*WHAT IS REQUIRED*: Up to the line containing "- 휴식 및 소통공간 제공", nothing is kept; from that line through the end of the data below, output every line exactly.

*** RECORDS TO PROCESS Section Begins ***

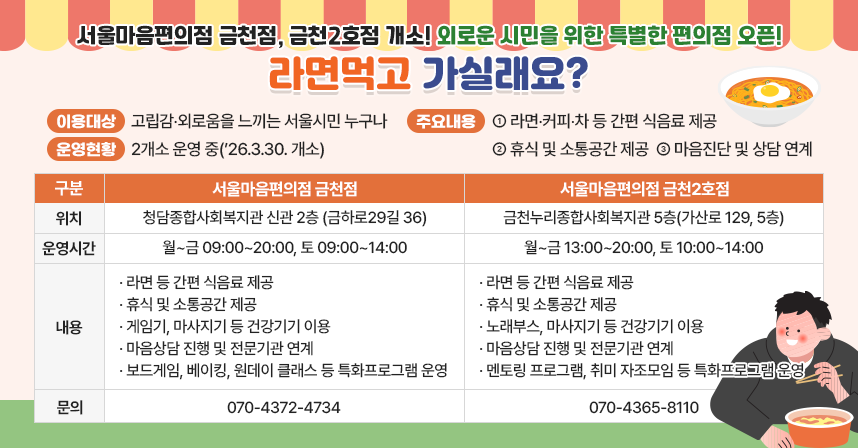1. 이용대상 : 고립감‧외로움을 느끼는 서울시민 누구나
 2. 주요내용  
  - 라면‧커피‧차 등 간편 식음료 제공
  - 휴식 및 소통공간 제공
  - 마음진단 및 상담 연계 
 3. 운영현황 : 2개소 운영 중(’26.3.30. 개소)

구  분
서울마음편의점 금천점
서울마음편의점 금천2호점
위  치
청담종합사회복지관 신관 2층
(금하로29길 36)
금천누리종합복지관 5층
(가산로 239, 5층)
운영시간
월~금 09:00~20:00, 토 09:00~14:00
월~금 13:00~20:00, 토 10:00~14:00
내  용
라면 등 간편 식음료 제공
휴식 및 소통공간 제공
게임기, 마사지기 등 건강기기 이용
마음상담 진행 및 전문기관 연계
보드게임, 베이킹, 원데이 클래스 등 특화프로그램 운영
라면 등 간편 식음료 제공
휴식 및 소통공간 제공
노래부스, 마사지기 등 건강기기 이용
마음상담 진행 및 전문기관 연계
멘토링 프로그램, 취미 자조모임 등 특화프로그램 운영
문  의
☏ 070-4372-4734
☏ 070-4365-8110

*** RECORDS TO PROCESS Section Ends ***

*RESPONSE BELOW*:
  - 휴식 및 소통공간 제공
  - 마음진단 및 상담 연계 
 3. 운영현황 : 2개소 운영 중(’26.3.30. 개소)

구  분
서울마음편의점 금천점
서울마음편의점 금천2호점
위  치
청담종합사회복지관 신관 2층
(금하로29길 36)
금천누리종합복지관 5층
(가산로 239, 5층)
운영시간
월~금 09:00~20:00, 토 09:00~14:00
월~금 13:00~20:00, 토 10:00~14:00
내  용
라면 등 간편 식음료 제공
휴식 및 소통공간 제공
게임기, 마사지기 등 건강기기 이용
마음상담 진행 및 전문기관 연계
보드게임, 베이킹, 원데이 클래스 등 특화프로그램 운영
라면 등 간편 식음료 제공
휴식 및 소통공간 제공
노래부스, 마사지기 등 건강기기 이용
마음상담 진행 및 전문기관 연계
멘토링 프로그램, 취미 자조모임 등 특화프로그램 운영
문  의
☏ 070-4372-4734
☏ 070-4365-8110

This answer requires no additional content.